The participants were encouraged to use whatever tools they had at their disposal. When they completed the first text, they had not yet been given any training in the use of CAT or corpora tools. The participants assigned to do the initial translation were asked to do the translation via a computer equipped with three software programs, namely, Translog, Screencast-O-Matic and Gaze recorder. The former is a translation process recording program used to obtain quantitative results about user activity. The second is a screen recording software that can capture all moves and think-aloud verbalizations on the computer and save them in a video format. The third is an eye-tracking software that can track the movement of the eyes during the translation process. The data collection consisted of three steps: preparing the participants; the translation process via the abovementioned software; and, finally, the questionnaire. During the first phase, the participants received intensive training to familiarize them with the three software. All participants became acquainted with the use of thinking aloud protocols (TAPs) as an observational method. They were then asked to do a demo exercise in which they translated a text and verbalized their thoughts. Such a demo was necessary to train participants to speak freely during the translation process. The participants were asked to translate the texts in the typical scenario of the working conditions of translators. While the translation process involves many steps, this study investigated to what extent the participants employ corpora in their translation process, and whether they can create a corpus relevant to an ongoing project. The description of other processes is beyond the scope of this study.
Questionnaire
This study used a 19-item questionnaire to determine the attitudes of trainees in the course toward the use of monolingual, comparable, and parallel corpora in translation. The questionnaire encompassed three sections. The first section consisted of 10 five-point Likert items, aimed at identifying the cohort of respondents’ attitudes toward their instrumental or technological sub-competence in general. The second section (also five-point Likert items) aimed at identifying their attitudes toward the actual use of corpora tools. The third section included 4 items that dealt with the project-based training approach used in the course. The questionnaire was administered during the academic year 2020. Firstly, it was verified for its content and validity by two senior colleagues from Taiz University in Yemen, and two more experts (one from the University of the Western Cape, South Africa and one from Aden University, Yemen). The questionnaire was created by Google Forms and the link was sent to the respondents for completion. Finally, the data collected were computed and analyzed using a statistical software named (PSPP). Cronbach’s alpha coefficient was used to find the reliability coefficient of the questionnaire. The values for the alpha coefficient were (0.91) for the entire instrument, (0.91) for the first section of the instrument, (0.76) for the second section, and 0.85 for the third section. These values indicate acceptable levels of reliability.
Findings
Findings From Computational Observation
When addressing the first question; to what extent do translation trainees employ corpora tools in their translations, TAPs and computer observation via Translog, Gaze Recorder and Screencast-O-Matic were used to analyze the translation process of three texts. Table 2 provides various user events as captured by Translog.

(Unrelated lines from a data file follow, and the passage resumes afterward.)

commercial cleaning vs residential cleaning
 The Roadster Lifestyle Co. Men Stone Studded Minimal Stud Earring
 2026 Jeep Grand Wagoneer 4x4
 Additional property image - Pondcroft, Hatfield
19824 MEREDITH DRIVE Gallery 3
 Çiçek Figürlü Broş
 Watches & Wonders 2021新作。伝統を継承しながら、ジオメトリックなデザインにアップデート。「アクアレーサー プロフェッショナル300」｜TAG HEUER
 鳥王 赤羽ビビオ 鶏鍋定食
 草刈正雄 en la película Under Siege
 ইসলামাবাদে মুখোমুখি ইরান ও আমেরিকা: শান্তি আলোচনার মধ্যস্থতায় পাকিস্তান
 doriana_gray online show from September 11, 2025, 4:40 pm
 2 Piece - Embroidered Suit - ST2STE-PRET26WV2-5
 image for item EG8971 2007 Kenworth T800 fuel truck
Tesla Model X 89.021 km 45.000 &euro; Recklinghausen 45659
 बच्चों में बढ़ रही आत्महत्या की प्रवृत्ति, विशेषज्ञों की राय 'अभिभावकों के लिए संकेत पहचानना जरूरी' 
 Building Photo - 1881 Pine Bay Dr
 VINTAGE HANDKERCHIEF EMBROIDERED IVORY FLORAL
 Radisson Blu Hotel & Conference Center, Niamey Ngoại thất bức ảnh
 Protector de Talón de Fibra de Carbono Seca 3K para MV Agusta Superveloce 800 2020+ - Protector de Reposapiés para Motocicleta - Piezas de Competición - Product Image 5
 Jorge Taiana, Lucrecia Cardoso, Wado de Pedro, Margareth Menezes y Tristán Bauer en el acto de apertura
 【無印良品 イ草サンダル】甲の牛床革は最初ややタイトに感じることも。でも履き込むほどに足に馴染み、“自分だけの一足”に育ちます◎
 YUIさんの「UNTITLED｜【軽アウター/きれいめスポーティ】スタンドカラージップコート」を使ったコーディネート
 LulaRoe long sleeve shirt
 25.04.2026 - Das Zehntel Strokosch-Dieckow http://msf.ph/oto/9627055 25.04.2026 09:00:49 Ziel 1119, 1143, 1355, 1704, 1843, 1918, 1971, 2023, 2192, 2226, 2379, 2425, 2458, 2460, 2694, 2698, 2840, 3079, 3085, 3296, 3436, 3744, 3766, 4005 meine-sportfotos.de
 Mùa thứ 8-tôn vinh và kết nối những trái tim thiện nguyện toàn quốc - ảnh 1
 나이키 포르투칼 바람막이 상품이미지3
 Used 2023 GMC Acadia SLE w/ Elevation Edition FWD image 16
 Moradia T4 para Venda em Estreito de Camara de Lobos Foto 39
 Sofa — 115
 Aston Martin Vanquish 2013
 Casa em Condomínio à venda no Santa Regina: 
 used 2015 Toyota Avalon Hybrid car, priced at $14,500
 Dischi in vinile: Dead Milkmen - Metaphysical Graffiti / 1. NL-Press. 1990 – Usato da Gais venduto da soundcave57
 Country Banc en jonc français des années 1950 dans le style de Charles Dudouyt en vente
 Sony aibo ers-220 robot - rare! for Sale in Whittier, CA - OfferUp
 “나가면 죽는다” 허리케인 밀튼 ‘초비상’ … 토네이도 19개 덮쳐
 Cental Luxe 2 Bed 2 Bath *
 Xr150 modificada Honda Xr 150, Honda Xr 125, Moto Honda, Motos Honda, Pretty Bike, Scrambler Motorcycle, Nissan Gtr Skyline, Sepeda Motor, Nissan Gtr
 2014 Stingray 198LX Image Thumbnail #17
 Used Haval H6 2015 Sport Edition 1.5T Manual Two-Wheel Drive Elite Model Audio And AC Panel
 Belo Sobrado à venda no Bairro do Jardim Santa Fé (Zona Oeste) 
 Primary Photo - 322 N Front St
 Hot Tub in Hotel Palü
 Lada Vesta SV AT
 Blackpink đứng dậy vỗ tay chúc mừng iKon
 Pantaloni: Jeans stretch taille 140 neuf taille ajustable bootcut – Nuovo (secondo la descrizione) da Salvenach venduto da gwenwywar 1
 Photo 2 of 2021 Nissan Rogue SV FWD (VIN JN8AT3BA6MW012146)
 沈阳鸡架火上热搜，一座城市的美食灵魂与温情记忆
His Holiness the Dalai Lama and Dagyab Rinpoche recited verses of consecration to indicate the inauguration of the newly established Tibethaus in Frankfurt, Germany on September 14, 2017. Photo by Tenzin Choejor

The first text used in this study was translated by the trainees as a part of a project that was completed before they were introduced to corpora tools. The linear representation of the translation process appears in Figure 4.
As Figure 4 shows, the translation undergoes several pauses. The translator paused either to think of the meaning of some words/expressions, or to consider the appropriateness of them. Figure 5 shows the pauses made by the translator of the text as well as keystrokes.
The statistics of the TAPs document and the screen recording show that the translator spent about 19 mins producing the target text. During the time, 1,115 user events were produced; 1,023 of which are related to text production, 64 were devoted to deletion of text, and 28 were miscellaneous events. The replay of the document shows that the translator did not compile any corpus. Neither a comparable nor a parallel corpus were used, and the translation seems literal to a great extent; some inappropriate lexical items and collocations were used.
Upon completion of the section on corpus-based translation studies in the course, the trainees participated in several genuine translation projects, including the following project about the resumption of Umrah by Saudi authorities. The linear representation of the translation appears in Figure 6.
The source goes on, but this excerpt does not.